Alan Stuart Blinder (, born October 14, 1945) is an American economics professor at Princeton University and is listed among the most influential economists in the world according to IDEAS/RePEc. He is a leading macroeconomist, politically liberal, and a champion of Keynesian economics and policies.

Binder served on President Bill Clinton's Council of Economic Advisers from January 1993 to June 1994 and as the vice chairman of the Federal Reserve from June 1994 to January 1996.

His academic work has focused particularly on monetary policy and central banking, and on the "offshoring" of jobs. His writing has been published in The New York Times, The Washington Post, as well as a monthly column in The Wall Street Journal. Regarding the financial crisis of 2007–2008, Blinder drew ten lessons for fellow economists, including “It can happen here” and “Fraud and near-fraud can rise to attain macroeconomic significance.”

Early life
Blinder was born to a Jewish family in Brooklyn, New York. He graduated from Syosset High School in Syosset, New York. Blinder attended Princeton University as an undergraduate student and graduated summa cum laude with a B.A. in economics in 1967. He completed a 130-page long senior thesis, titled "The Theory of Corporate Choice". He received an MSc in economics from the London School of Economics in 1968 and received a doctorate in economics from the Massachusetts Institute of Technology in 1971. He was advised by Robert Solow.

Professional life

Academic career
Blinder is the Gordon S. Rentschler Memorial Professor of Economics and Public Affairs at Princeton where he has been since 1971; from 1988 to 1990, he chaired the economics department. Also in 1990, he founded Princeton's Griswold Center for Economic Policy Studies. And he has served as vice-chair of The Observatory Group.

Since 1978, Blinder has been a Research Associate of the National Bureau of Economic Research. He is a past president of the Eastern Economic Association and Vice President of the American Economic Association and was named a Distinguished Fellow of the latter in 2011. He is a Fellow of the American Academy of Arts and Sciences (since 1991), a member of the American Philosophical Society since 1996, and a member of the board of the Council on Foreign Relations (since 2008). Blinder's textbook Economics: Principles and Policy, co-written with William Baumol, was first published in 1979 and, in 2012 was printed in its twelfth edition.

In 2009 Blinder was inducted into the American Academy of Political and Social Science, "for his distinguished scholarship on fiscal policy, monetary policy and the distribution of income, and for consistently bringing that knowledge to bear on the public arena." He is a strong proponent of free trade.

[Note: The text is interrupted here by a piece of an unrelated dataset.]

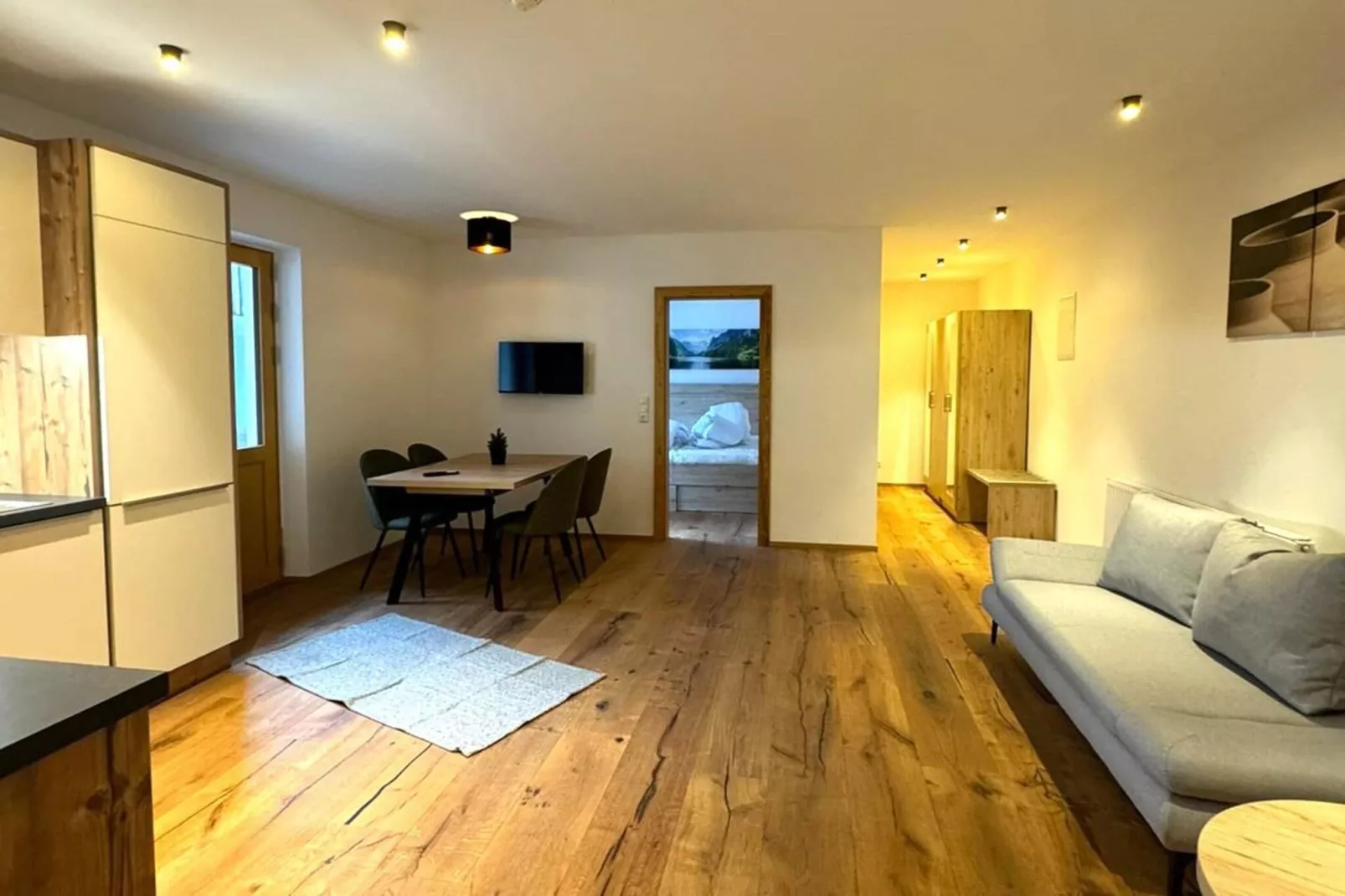 Apartment 6-Living room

Blinder has been critical of the public discussion of the US national debt, describing it as generally ranging from "ludicrous to horrific".

Political career
In 1975, Blinder served as the Deputy Assistant Director of the Congressional Budget Office.

In the 1990s, he served on President Bill Clinton's Council of Economic Advisers from January 1993 to June 1994, and as the 15th Vice Chair of the Federal Reserve from June 27, 1994, to January 31, 1996 (more specifically as the Vice Chairman of Board of Governors of the Federal Reserve System).

As Vice Chairman, Blinder cautioned against raising interest rates too quickly to slow inflation because of the lags in earlier rises feeding through into the economy. He also warned against ignoring the short term costs in terms of unemployment that inflation-fighting could cause.

Many have argued that Blinder's stint at the Fed was cut short because of his tendency to challenge chairman Alan Greenspan. In particular, by challenging assumptions, Blinder disrupted “the whole pipeline of Greenspan-arriving-at-decisions.”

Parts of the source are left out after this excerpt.